XCOM Text Effect in Photoshop
Like most projects, the size of your document is completely up to you. 1280 x 720 pixels should work great for this project. I’m also creating at 143DPI, as I’m using the Retina display MacBook Pro.
Once the document has been created, a simple black background should do the trick.
Text is another aspect of your project that’s flexible. For my example, I chose to use Futura at 200pt with the color set to #00c0ff.
Once your text is typed out, it’s time to add some Layer Styles! Double–clicking on the layer in your Layers Panel will bring up your Layer Styles. You can also access it under the Layer menu at the top. We’re going to add an Inner and Outer Glow.
Once the Layer Styles have been added, you should have a design that looks something like what you see below. Of course, if you’re working with large or smaller text, you may need to tweak the Layer Styles to get a similar result.
In the orignal XCOM text, there’s a gap going through the middle of the COM. We can easily achieve this effect using a Layer Mask. First, go ahead and create the selection. You can do this using the Rectangular Marquee Tool, which can be found in your Tools Bar.

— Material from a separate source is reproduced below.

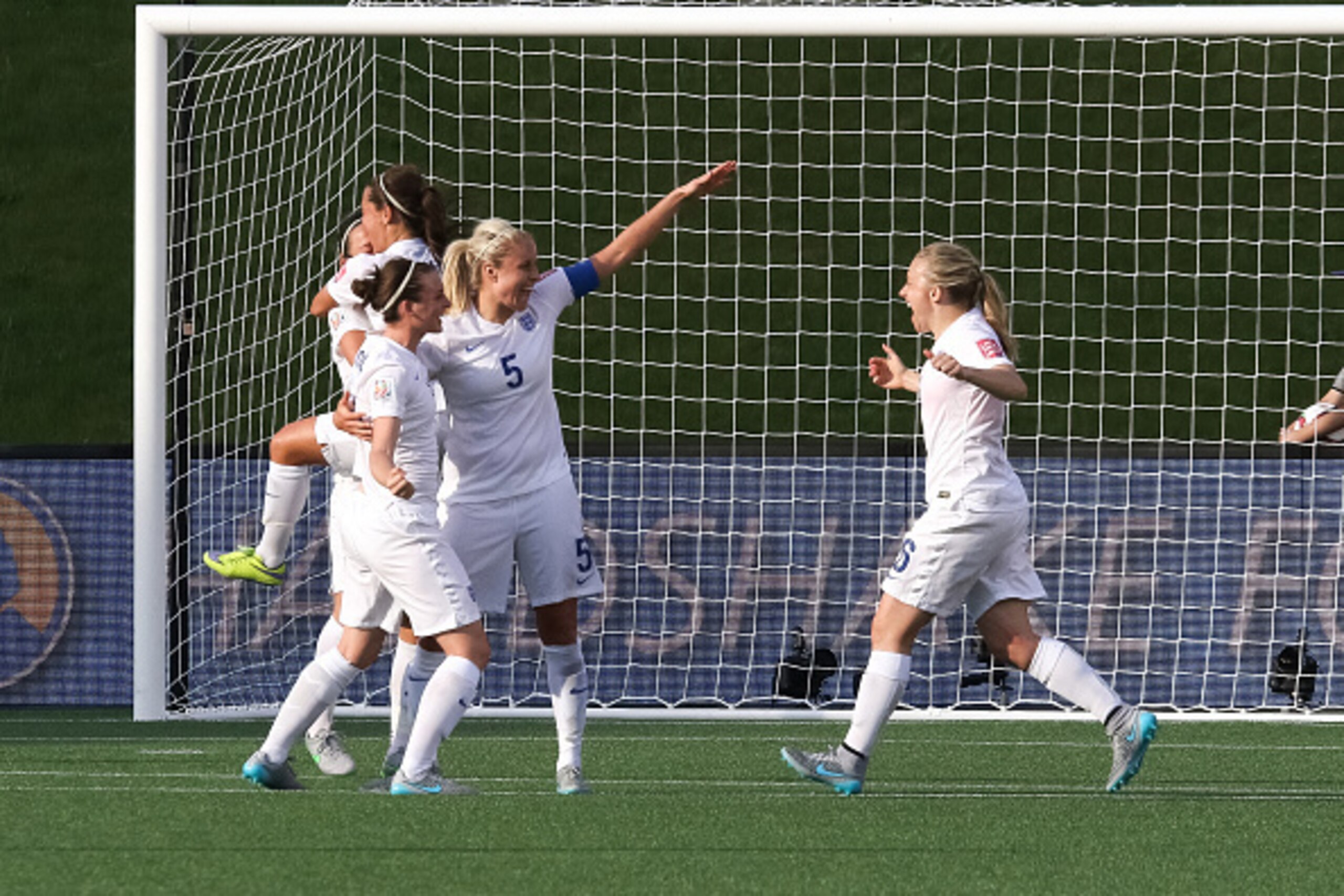 OTTAWA, ON - JUNE 22: Jade Moore #11, Steph Houghton #5 and Laura Bassett #6 of England celebrate their win after the FIFA Women's World Cup Canada 2015 round of 16 match between Norway and England at Lansdowne Stadium on June 22, 2015 in Ottawa, Canada. 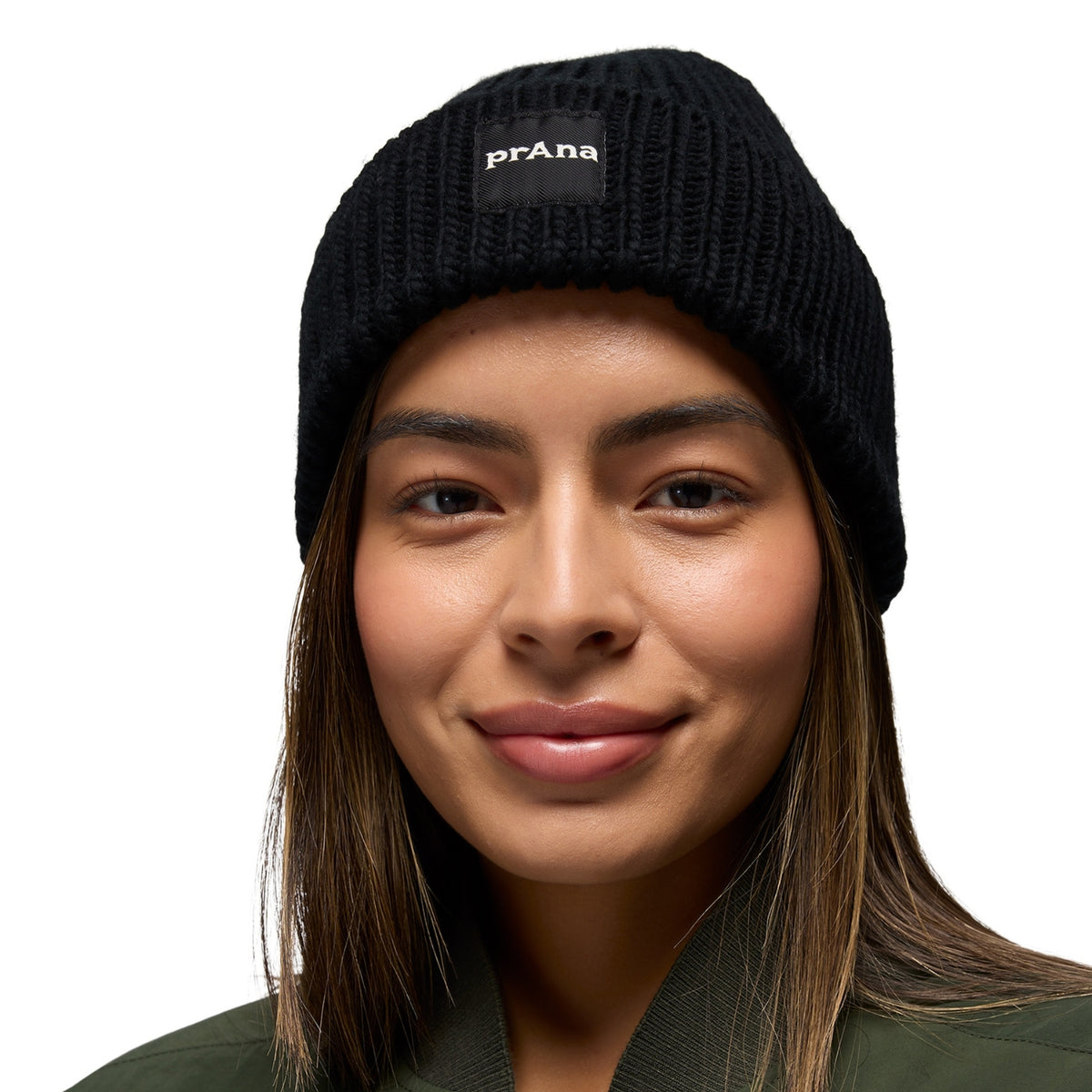 Person wearing a black knit beanie with 'prAna' logo on a white background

When your selection has been made, in your Layers Panel, hold down Option (Mac) or Alt (Windows), and click on the Add Layer Mask icon.
Lose That Focus
Right now, the text is very sharp. Too sharp. We need to soften it out a touch. This can be done with a Gaussian Blur filter. BUT, before you add a filter to a text layer, you’ll want to convert it into a Smart Object first! This will ensure that you can go back and edit the text/Layer Styles at a later point if necessary. You can easily convert your layer by selecting Convert for Smart Filters under the Filter menu.
Now that your text has been converted, you can safely add filters, such as a Gaussian Blur, without rasterizing and losing your text properties.
On the XCOM text, there’s a ‘scanline’ effect that goes horizontally across the letters. We’re going to create that pattern in a new document, then apply it on the Smart Object that we just converted.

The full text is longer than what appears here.